One of the greatest features of Home is the ability to cast content with only your voice, and while there are quite a few things you can do, there are plenty of limitations for the time being.
Let’s Start With What You Can Do
Admittedly, this list is pretty good for a first-gen product. Google Home does some impressive stuff, and here’s a quick list of things you can do with a Chromecast right now.
- Cast YouTube Videos
- Cast Google Play Music
- Cast Pandora
- Cast Spotify
- Cast YouTube Music
All you have to do is say, “Hey Google, play Uptown Funk from Play Music on (fill in your Chromecast’s name).” That’s it. Home will do the rest. Additionally, you can tell Google Home to play, pause, stop, turn up or down volume and mute playback.
While this list is decent, there are clearly some missing pieces here. Mainly, it is missing services.
A quick, technical note. Though most casted content is sent from a device that runs the corresponding app, the actual act of casting content is a totally cloud-driven process. Your app simply serves as the reference point for the Chromecast to understand what content to grab and where to start.

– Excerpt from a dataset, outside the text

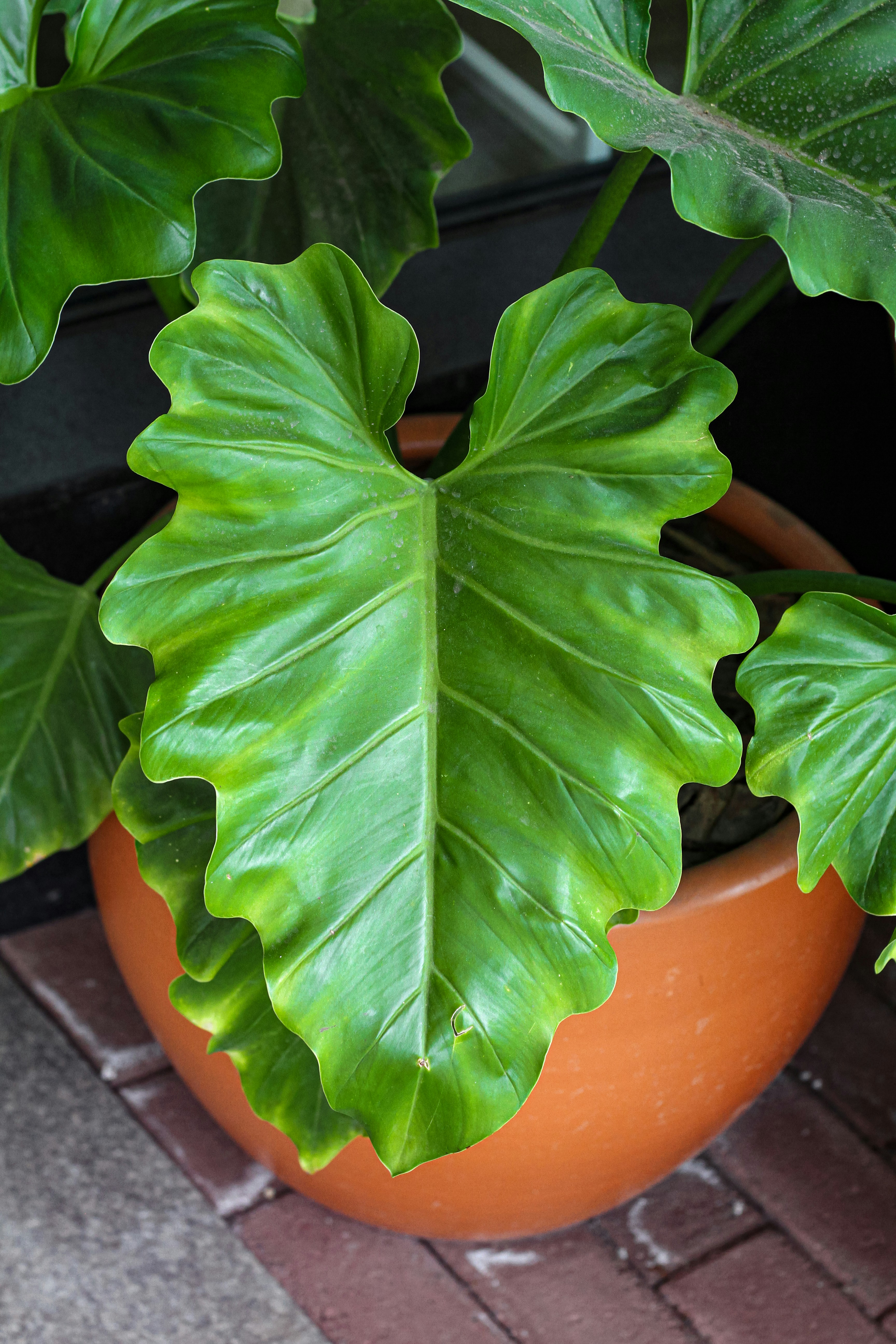 Photo by najoi_designer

When you hit the cast button, the Chromecast is pulling the content to itself based on your request. Feasibly, Google Home is not different. It takes your voice, processes the request, and tells the Chromecast to begin playback.
There is no real need for Google Home to have installed apps, necessarily. It doesn’t have YouTube or Google Play music installed and can begin a casting session just fine. That’s a very good thing, as we’ll see shortly.
All told, the list of things Home cannot do shouldn’t be hard to minimize over time.
So, What Can’t Home Do Right Now?
Still, as a holiday gift or new toy, there are some limitations I’m glad I was aware of before I bought mine, so I wanted to share.
There are lots of simple tasks that Home cannot do at the moment. Create/read calendar events (I mean, really? This is a big omission…), create/read reminders, read/send email, read/send Hangouts, read/send Allo messages, fetch directions…the list is pretty big, honestly. And this list extends to Google Assistant which is the backbone of the software running on Home.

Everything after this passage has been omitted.